Me entretenía en subir y bajar una y otra vez los tres o cuatro escalones que llevaban hasta la iglesia cuando reparé en ellos. Atraparon mi atención por el motivo de que iban a caballo. Por supuesto, ya había visto antes aquel animal -en contadas ocasiones, pero lo había visto- no obstante, no dejaba de llamarme poderosamente la atención. Los que los montaban iban ataviados con unas capas largas y pardas. Seguramente, sólo pretendían protegerse del viento con aquellas modestas prendas, pero a mí me parecieron un extraordinario despliegue de inusitado lujo. Tan inusitado como el uso de unas espadas largas y relucientes que colgaban de sus caderas golpeando suavemente los flancos de sus monturas. ¡Y además llevaban cascos! Sé que todo esto carece, en realidad, de importancia. Sin embargo, en aquella época esa visión de dos equites no resultó para mí menos prodigiosa de lo que hubiera sido el descenso de dos ángeles procedentes del mismo cielo.

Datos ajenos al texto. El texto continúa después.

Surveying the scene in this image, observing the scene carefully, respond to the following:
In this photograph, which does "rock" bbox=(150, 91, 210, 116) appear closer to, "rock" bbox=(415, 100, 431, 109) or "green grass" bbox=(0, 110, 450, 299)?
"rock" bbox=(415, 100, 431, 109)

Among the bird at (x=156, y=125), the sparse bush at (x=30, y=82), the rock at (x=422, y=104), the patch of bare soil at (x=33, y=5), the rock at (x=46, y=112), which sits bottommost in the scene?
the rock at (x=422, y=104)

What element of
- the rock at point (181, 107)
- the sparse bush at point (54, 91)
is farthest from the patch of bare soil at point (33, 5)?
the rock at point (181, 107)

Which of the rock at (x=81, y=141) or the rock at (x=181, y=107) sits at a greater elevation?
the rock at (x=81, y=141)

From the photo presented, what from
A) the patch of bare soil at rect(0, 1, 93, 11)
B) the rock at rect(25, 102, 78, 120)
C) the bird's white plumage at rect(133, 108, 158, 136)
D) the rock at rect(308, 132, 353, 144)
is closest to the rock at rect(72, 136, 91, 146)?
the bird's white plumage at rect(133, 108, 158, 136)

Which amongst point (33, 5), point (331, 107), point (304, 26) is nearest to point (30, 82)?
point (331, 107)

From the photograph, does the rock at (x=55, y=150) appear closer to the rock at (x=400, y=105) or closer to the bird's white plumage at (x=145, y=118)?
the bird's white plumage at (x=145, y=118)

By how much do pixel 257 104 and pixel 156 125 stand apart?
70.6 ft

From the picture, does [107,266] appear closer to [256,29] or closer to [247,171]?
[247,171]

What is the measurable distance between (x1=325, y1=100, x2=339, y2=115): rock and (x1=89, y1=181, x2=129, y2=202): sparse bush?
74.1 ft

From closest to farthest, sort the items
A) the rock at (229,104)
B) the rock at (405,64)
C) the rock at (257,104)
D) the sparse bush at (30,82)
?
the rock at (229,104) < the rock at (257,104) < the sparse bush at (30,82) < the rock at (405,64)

El rítmico sonido de los cascos se detuvo a unos pasos apenas del lugar que yo subía y bajaba con enorme entusiasmo. Pero yo fingí que no me llamaban la atención y seguí ocupado en los escalones de piedra escasamente pulida, limitándome a mirar de reojo a los recién llegados. Tuvieron que dirigirse a mí de manera expresa para que les prestara una atención visible. Fue uno de ellos, de piel rojiza y barba hirsuta, el que pronunció el nombre de mi madre y me ordenó que fuera a buscarla.

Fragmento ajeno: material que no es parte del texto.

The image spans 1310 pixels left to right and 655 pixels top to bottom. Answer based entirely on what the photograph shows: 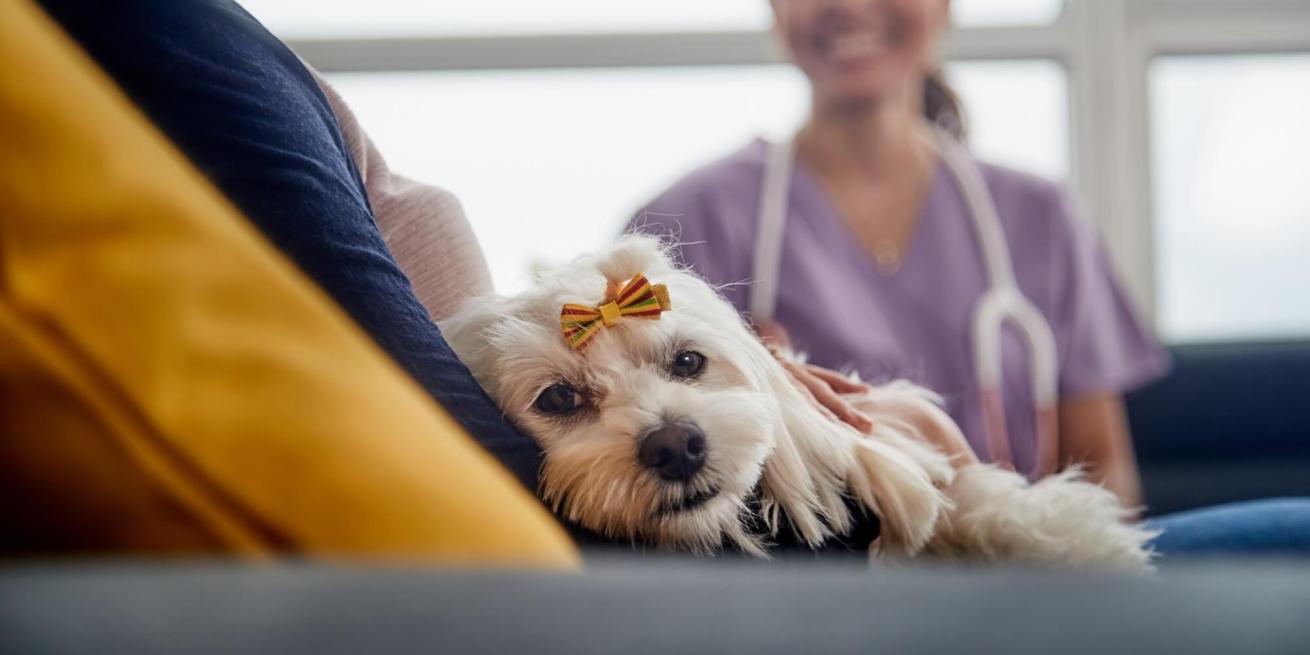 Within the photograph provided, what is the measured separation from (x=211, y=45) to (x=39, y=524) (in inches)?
14.2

La encontré a escasa distancia, lavando con otras mujeres en un riachuelo retorcido que discurría cercano a la iglesia. Recuerdo que una sombrecilla que no comprendí entonces se posó sobre su frente y que, por un instante fugaz, inclinó la cabeza sobre el pecho. Luego respiró hondo, pidió a una de las otras mujeres, una viuda, que la acompañara y emprendió el camino hacia el lugar sagrado.